Ongoing Education, Outcomes-Focused Reviews Remain Key to Lasting Gains in Triage Accuracy
By Dorothy Brooks
The triage score or acuity level assigned to patients at the beginning of their emergency department (ED) encounter typically sets the trajectory for how that visit will unfold in terms of when and where the patient will be seen by a provider and what resources will be required. Consequently, while triage assignments must be made expeditiously in the emergency setting, they significantly affect care.
However, a recent investigation into the accuracy of ED triage decisions when using the most common triage system — the Emergency Severity Index (ESI) — revealed that mistriage occurs in roughly one-third of patient encounters.1
Notably, this was an exhaustive study — researchers analyzed more than 5 million ED encounters across 21 hospitals. While the results suggest that overtriage occurred much more commonly (28.9%) than undertriage (3.3%), the researchers also found disparities in triage accuracy by patient characteristics such as race, age, sex, and socioeconomic status.
“We suspect these disparities are due in part to having a subjective triage algorithm, and that use of a more objective and standardized approach could help to decrease variation and mitigate biases,” explains Dana R. Sax, MD, MPH, the lead author of the research, an emergency physician with The Permanente Medical Group (TPMG) in Oakland, CA, and an adjunct investigator with TPMG’s Division of Research.

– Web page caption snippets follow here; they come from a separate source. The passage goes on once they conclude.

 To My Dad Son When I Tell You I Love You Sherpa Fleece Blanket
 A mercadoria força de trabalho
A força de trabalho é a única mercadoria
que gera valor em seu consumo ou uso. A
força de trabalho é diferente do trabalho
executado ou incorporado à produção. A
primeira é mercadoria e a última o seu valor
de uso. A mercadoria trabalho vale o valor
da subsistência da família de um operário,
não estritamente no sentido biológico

Sax tells ED Management that one of the big challenges with triage is making decisions with limited patient data. “We found that certain clinical characteristics, such as the use of high-risk medications, greater comorbid illness burden, and recent intensive care unit [ICU] stays, were associated with a higher risk of mistriage,” she says. “If triage clinicians were presented with this type of clinical data to assist with triage decision-making, we suspect that mistriage would decrease and that this could lead to more equitable triage decisions.”

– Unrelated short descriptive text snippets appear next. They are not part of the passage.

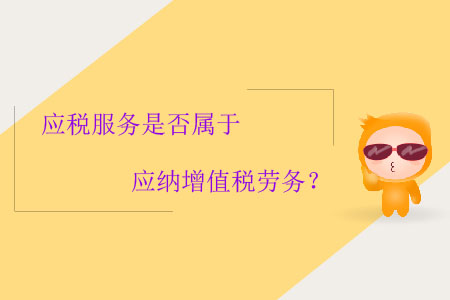 應(yīng)稅服務(wù)是否屬于應(yīng)納增值稅勞務(wù)？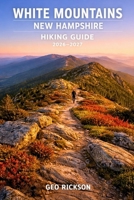 White Mountains New Hampshire Hiking Guide 2026–2027: Expert Trail Navigation, Maps, Gear Advice, Itineraries and Cultural Insights for Every Hiker B0GXBXRZBG Book Cover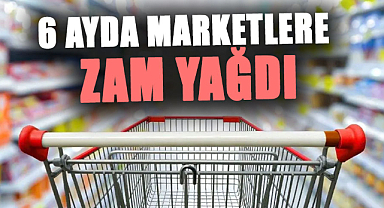 6 ayda marketlere zam yağdı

There are myriad efforts underway to leverage machine learning, artificial intelligence (AI), and other types of technology to bolster the triage process with the kind of information that Sax suggests. For example, several hospitals within the Johns Hopkins Health System have replaced their ESI triage process with an approach that combines traditional nurse triage assessment with a clinical decision support (CDS) tool that makes triage recommendations.
Jeremiah S. Hinson, MD, PhD, an associate professor of emergency medicine at the Johns Hopkins University School of Medicine and co-director of the Center for Data Science in Emergency Medicine, explains that implementing the new tool begins with a thorough analysis of historical data regarding patient encounters at each hospital, specifically focusing on predictor variables for three outcomes:
- Patients who needed to be admitted to the hospital following their ED encounter;
- Patients who required ICU-level care or died following their ED encounter;
- Patients who required surgery or a procedure following their ED encounter.

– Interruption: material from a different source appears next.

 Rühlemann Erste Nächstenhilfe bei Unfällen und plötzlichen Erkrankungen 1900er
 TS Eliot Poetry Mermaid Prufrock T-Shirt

From these data, developers can produce a predictive model that can analyze all the same variables, assess the probability a patient will experience any of the three outcomes, and then translate that information into a recommended triage score, Hinson says. (For more information, see the related story in this issue.)
How is this tool then used by triage nurses? “In real time, what happens is that nurses triage patients exactly as they have for 20 years,” Hinson explains. “We designed the tool on purpose so that the predictor variables that we take in are the exact same pieces of information that triage nurses [are accustomed to] gathering.”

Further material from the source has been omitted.